There is a connection, indeed. Recall the definition of the Lie derivative for a $k$-form $\omega$ along a vector field $X$. If $\chi$ is the one-parameter family of diffeomorphisms defined (at least locally) by $X$, then $$L_X\omega = \left.\frac{d}{d\tau}\right|_0(\chi_{\tau}^{*}\omega)$$ Integrating over some $k$-submanifold $\Omega$, we get $$ \int_\Omega L_X\omega = \int_{\Omega}\left.\frac{d}{d\tau}\right|_0(\chi_{\tau}^{*}\omega) = \left.\frac{d}{d\tau}\right|_0\int_{\Omega}\chi_{\tau}^{*}\omega = \left.\frac{d}{d\tau}\right|_0\int_{\chi_\tau[\Omega]}\omega $$ Note that we first used the Leibniz integral rule in one variable, and then the fact that diffeomorphisms preserve the integral.

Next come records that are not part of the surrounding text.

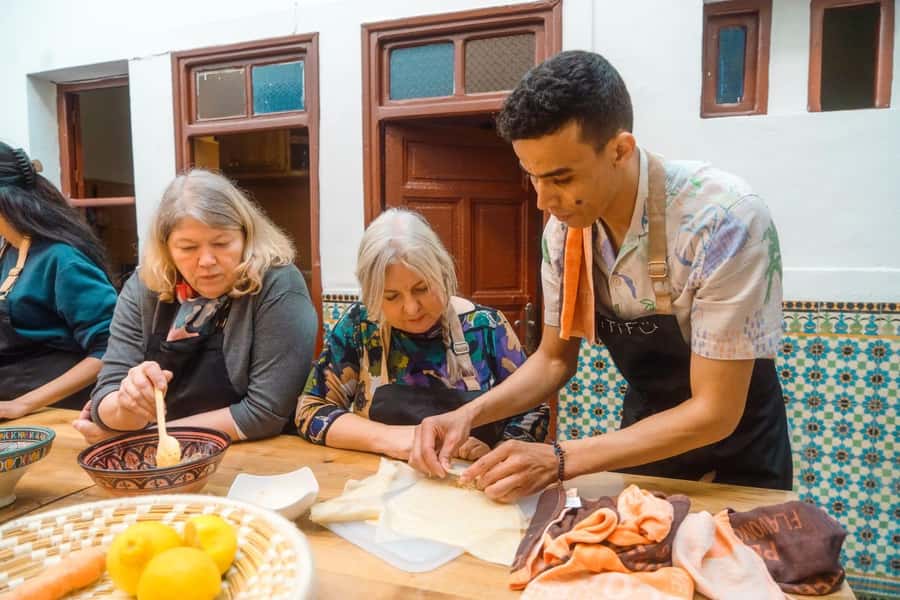Moroccan Food Cooking Class with a Local Chef in Marrakech - What the guides do well
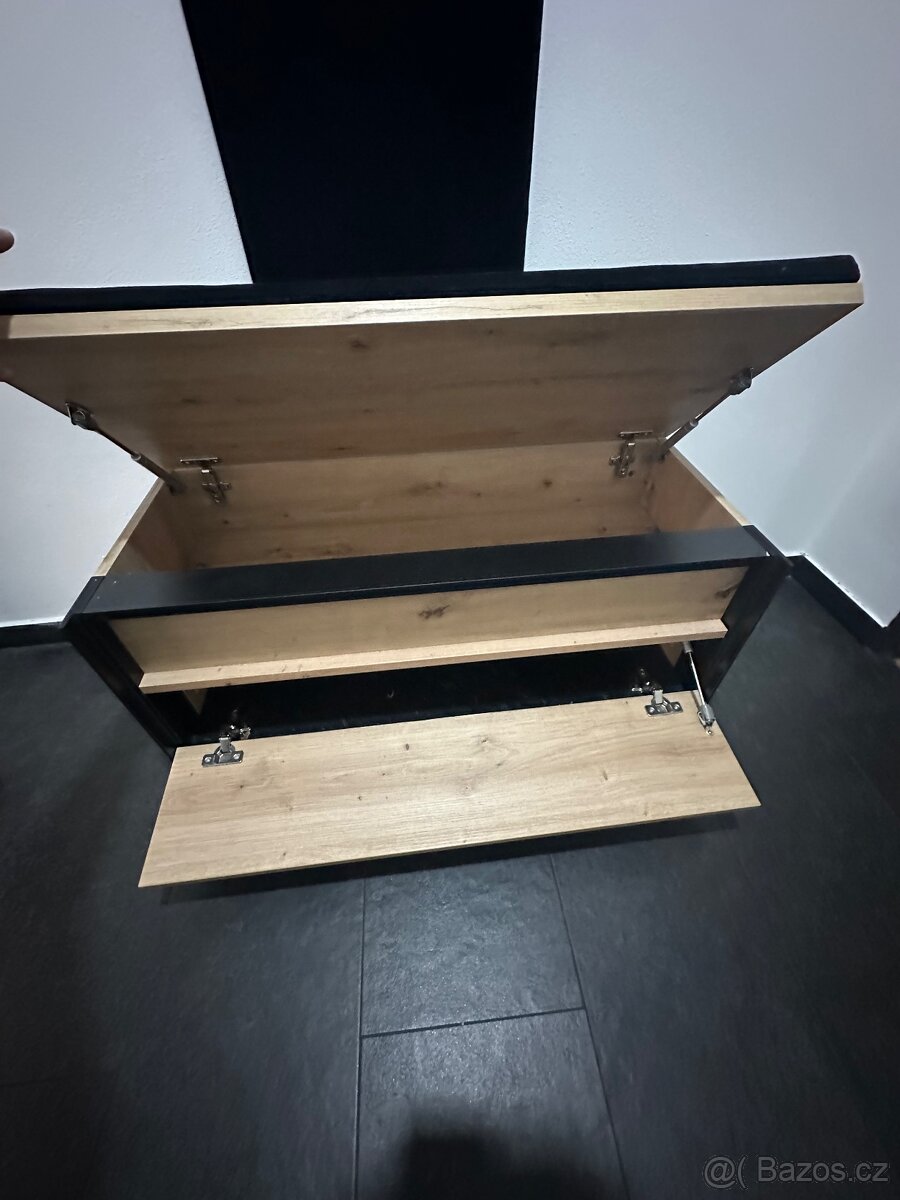 Botník s věšáky - 2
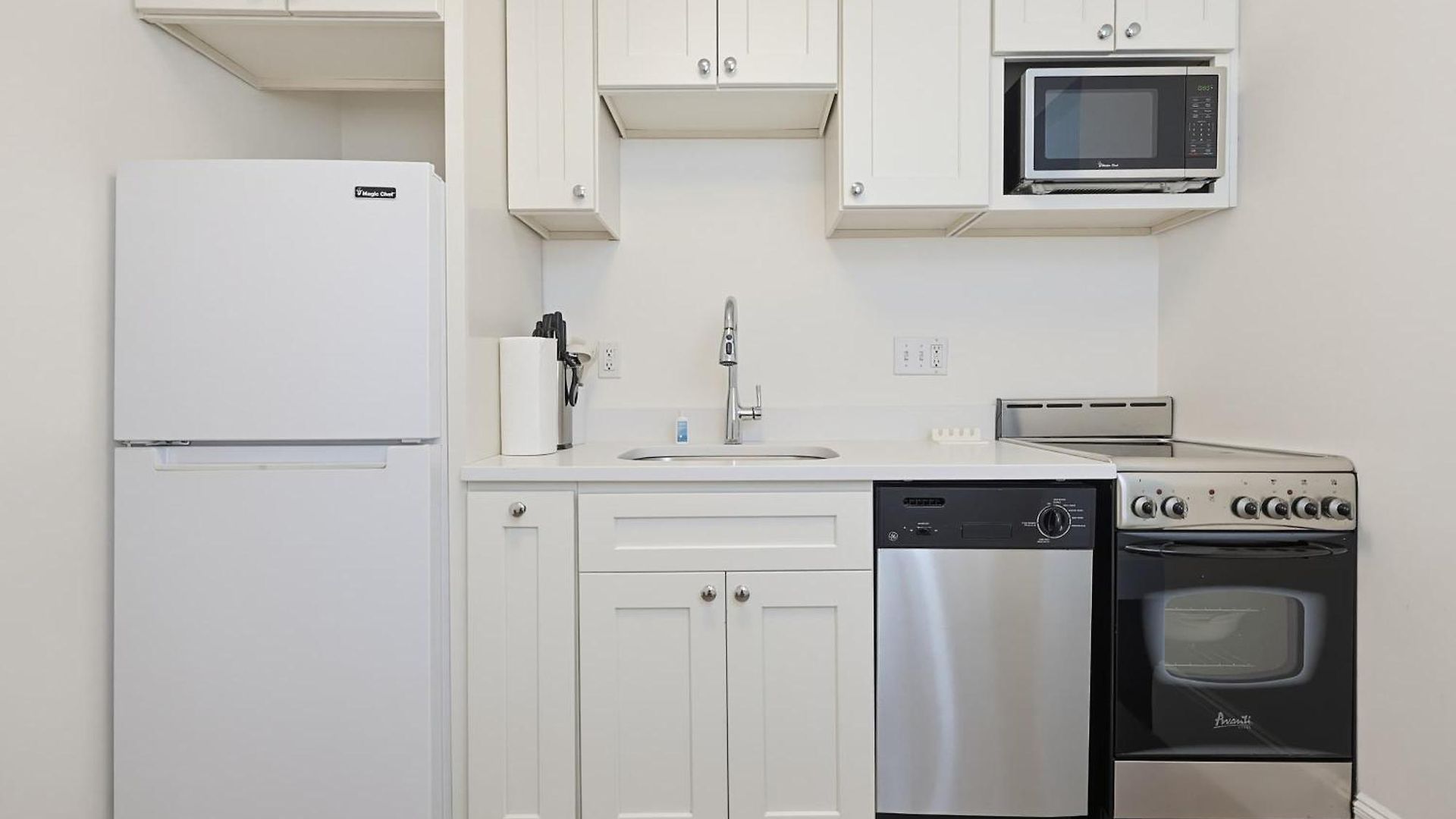 Apartment New! Back Bay, Line, Newbury St & Hynes *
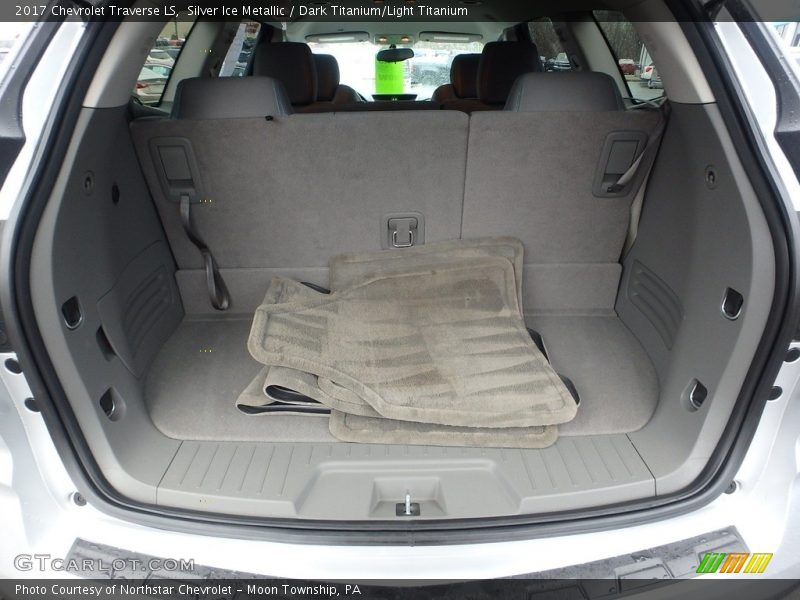 Silver Ice Metallic / Dark Titanium/Light Titanium 2017 Chevrolet Traverse LS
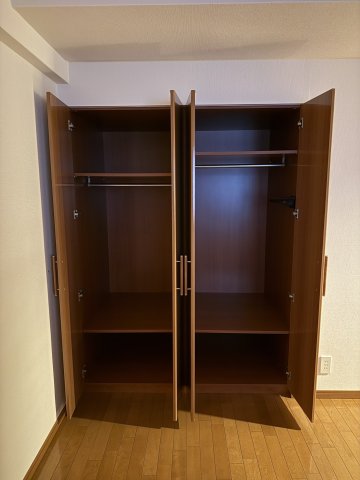 収納　洋室の収納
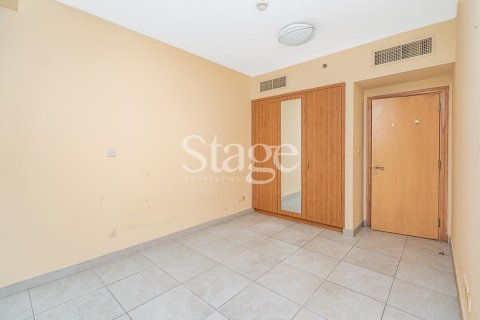 Apartment in Jumeirah Lake Towers, Dubai 2 bedrooms, 88 sq.m. № 59197 - photo 8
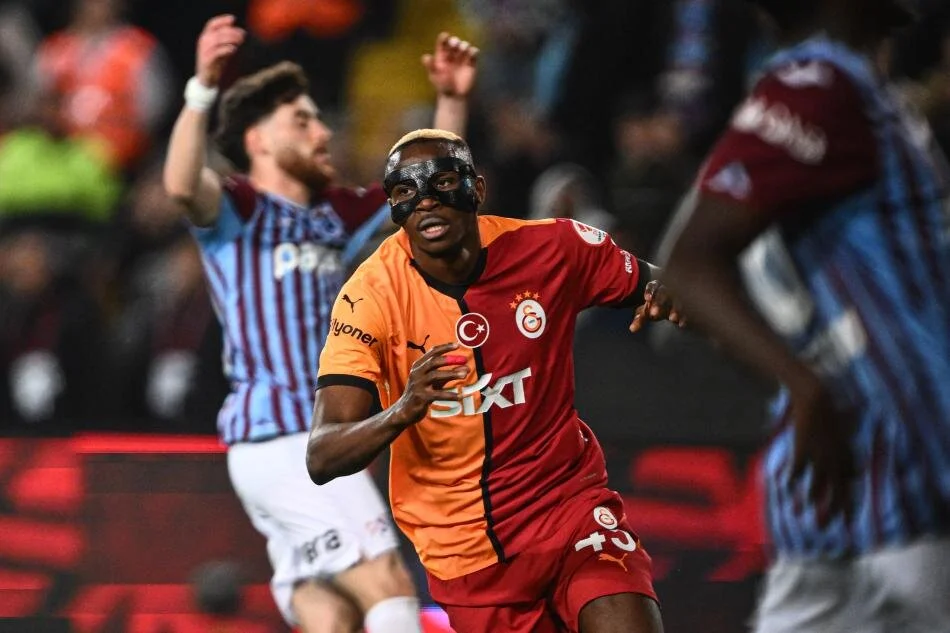 Galatasaray'da transfer krizi: Osimhen kararsızlığı Yönetimi ikiye böldü!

I claim Reynold's transport theorem is a special case of the formula $$\left.\frac{d}{d\tau}\right|_0\int_{\chi_\tau[\Omega]}\omega = \int_\Omega L_X\omega \tag{1}$$ we just obtained.

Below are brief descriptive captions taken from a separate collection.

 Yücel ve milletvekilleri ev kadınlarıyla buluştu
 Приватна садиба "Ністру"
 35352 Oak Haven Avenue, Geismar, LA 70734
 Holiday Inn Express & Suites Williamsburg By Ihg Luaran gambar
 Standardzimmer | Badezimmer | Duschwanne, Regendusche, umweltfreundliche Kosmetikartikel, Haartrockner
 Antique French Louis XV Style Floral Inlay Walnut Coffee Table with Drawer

Say your space is an $n$-dimensional manifold $M$, and consider an interval $I\subseteq \mathbb R$ (say with $0\in I$) which for us will represent time.

In the context of Reynold's transport theorem you have a submanifold $\Omega$ of $M$ (say of dimension $k$) which "varies (smoothly) over time". To formalize this, take a $k$-dimensional manifold $\Omega$ and an embedding $i:I\times\Omega\to I\times M$ where the first component is the identity. Then the submanifold $\Omega_t=i[\{t\}\times \Omega]\subseteq \{t\}\times M$ is the "position of $\Omega$ inside $M$ at time $t$".

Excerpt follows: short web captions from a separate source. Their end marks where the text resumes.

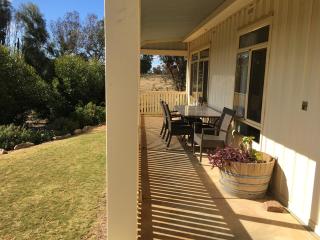 Black Jack Get-A-Way "Magpies Nest" - Orroroo - 5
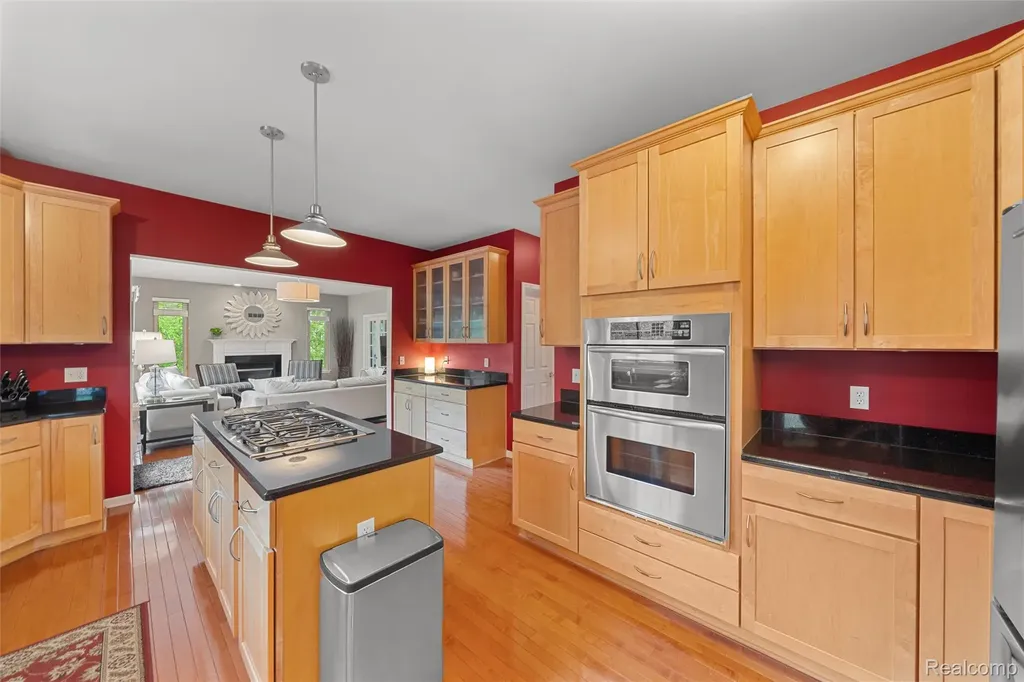 10099 Fernbrooke Drive Green Oak Township MI 48116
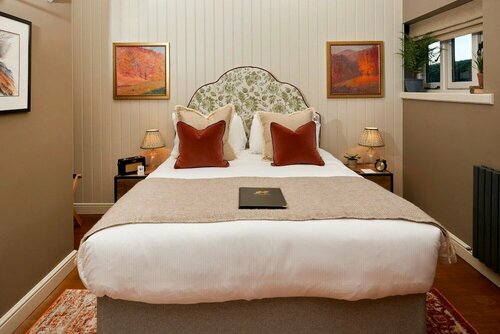 The White Horse, Réserver Hôtel Hôtels à Sussex avec parking, Parking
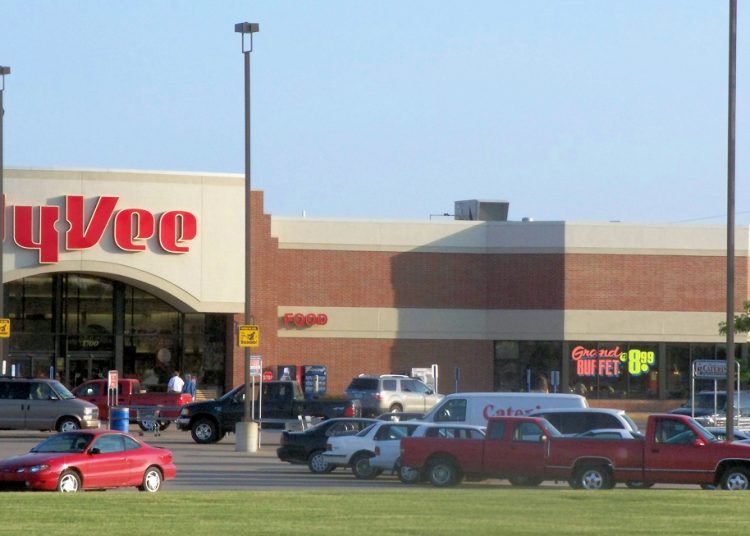 Iowa Businesses Consider COVID-19 Vaccine Mandates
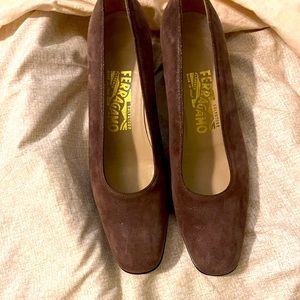 Ferragamo Brown Suede Pumps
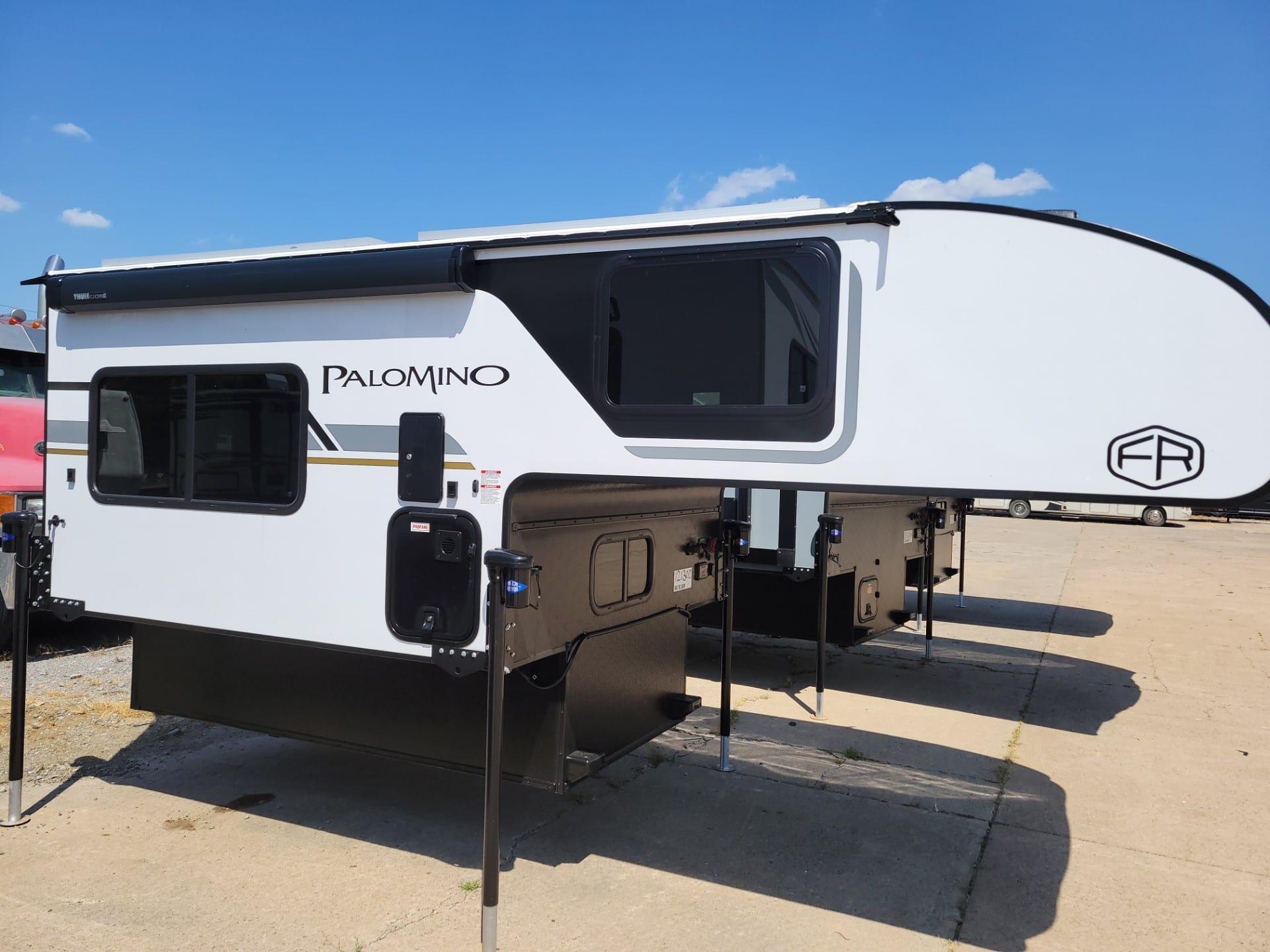 2027 Palomino Backpack HS-750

Now we want to get the "spacetime velocity" of $\Omega$, which will be a vector field defined on the submanifold $i[I\times \Omega]$ (the "worldsheet" of $\Omega$). To do this, observe that for every $x\in\Omega$ we get a smooth curve $\gamma_x:I\to I\times M$ given by $\gamma_x(t)=i(t,x)$. The vectors tangent to this family of curves give us a vector field $X$ defined by $$\tilde X_{i(t,x)}=\gamma'_x(t)$$ This is the spacetime velocity we wanted. Using the extension lemma for vector fields on submanifolds, we get a vector field $X$ on $I\times M$ which agrees with $\tilde X$ on $i[I\times \Omega]$. Its spacelike part $V=\text{proj}_{TM}X$ is the vector field that appears in Reynold's transport theorem, and we have $X=\frac{\partial}{\partial t}+V$.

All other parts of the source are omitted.